The payments were all deducted from royalties

The government of British Columbia has extended more than $1 billion in the form of tax credits to largely foreign-owned oil and gas companies fracking vast expanses of northern B.C. over the last five years.

According to the B.C. auditor general's 2014 summary financial statements report, the province delivered $587 million in incentives to the fracking industry alone last year and $412 million in 2013. The payments were all deducted from royalties.

Shale gas producers such as the Malaysian-owned Progress Energy or Houston-based Apache now pay the province a modest fee or royalty for the right to mine B.C.'s northern gas fields, which are owned by the citizens and First Nations of British Columbia.

Given falling gas prices and the province's slowed liquefied natural gas ambitions, the government has quietly subsidized the indebted industry with lower royalties and a variety of credits for deep well shale gas fracking, road construction and summer well drilling. (Most gas wells are drilled in the winter when the ground is hard.)
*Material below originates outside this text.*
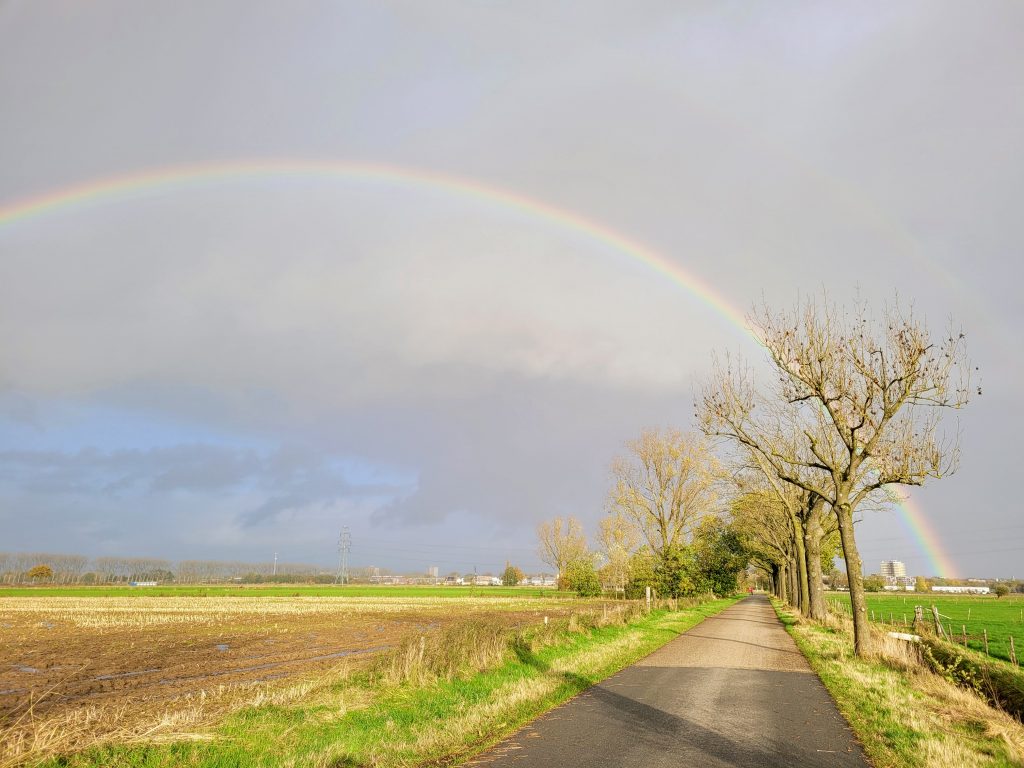 Een regenboog verschjint boven Wageningen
Under the program offered by Premier Christy Clark's government, industry "can simply reduce the royalty amount that they owe government by the incentive amount that they are entitled to," explains auditor general Carol Bellringer in the report.

The province has extended so many drilling and construction credits to the cash-strapped industry that 30 per cent of all gross natural gas royalty income is now subtracted from the provincial ledger and given back to industry.